Extracted records

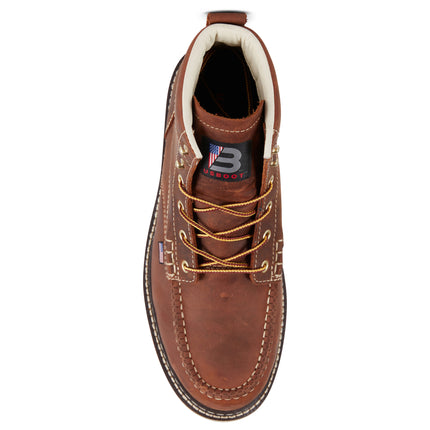 US Boot 6" Alpha Composite Toe Men's Work Boot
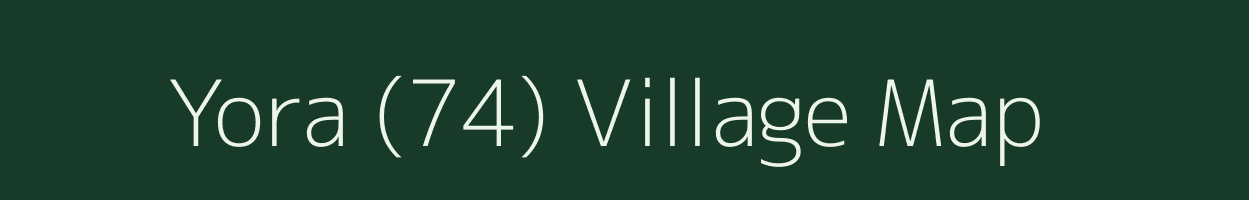 Yora (74) village map in Himachal Pradesh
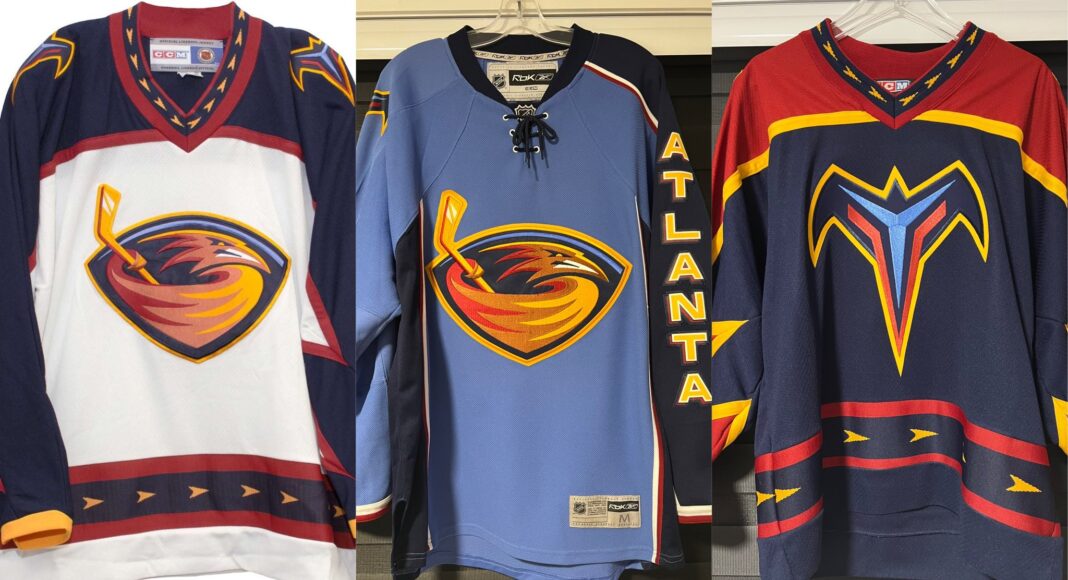 Atlanta w NHL? Do trzech razy sztuka. Thrashers chcą wrócić do ligi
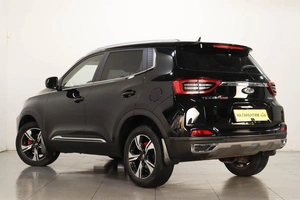 Внедорожник Chery Tiggo 4 Pro 2023 года, 1599000 рублей, Челябинск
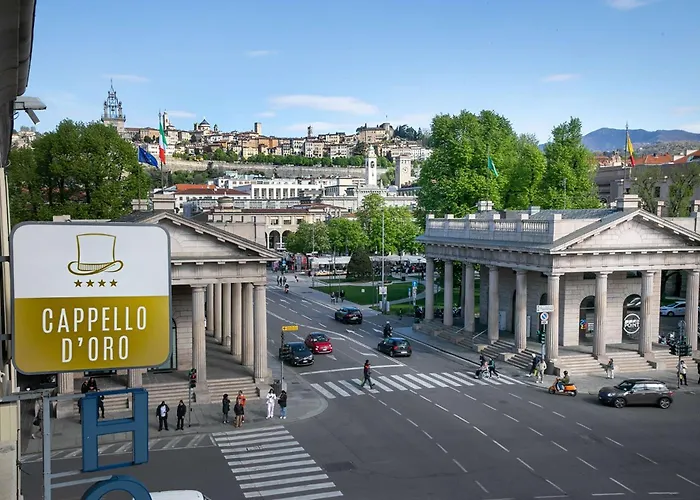 Best Western Hotel Cappello d'Oro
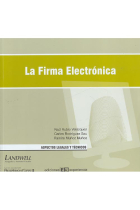 La firma electrónica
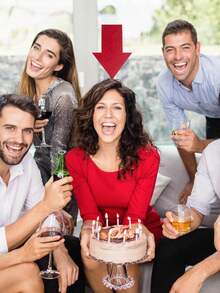 2 piezas Diadema con forma de flecha | Diadema con símbolo creativo | Diadema para fiestas, días festivos, desfiles, conciertos, grupos de apoyo, diadema, aro para el cabello - Multicolor - Ver 1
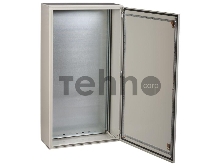 Корпус металлический ЩМП-6-0 У1 IP65 GARANT ИЭК YKM40-06-65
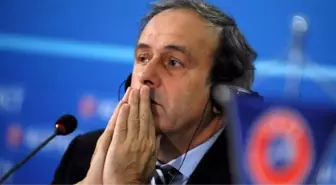 Michel Platini, 2022 Dünya Kupası'nın Katar'a verilmesiyle ilgili rüşvet suçlamasıyla gözaltına alındı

Work to be completed.
Print exactly the lines above that run from the one with "La firma electrónica" down to the one with "Корпус металлический ЩМП-6-0", and omit the pictures.

Task output.
 La firma electrónica
 2 piezas Diadema con forma de flecha | Diadema con símbolo creativo | Diadema para fiestas, días festivos, desfiles, conciertos, grupos de apoyo, diadema, aro para el cabello - Multicolor - Ver 1
 Корпус металлический ЩМП-6-0 У1 IP65 GARANT ИЭК YKM40-06-65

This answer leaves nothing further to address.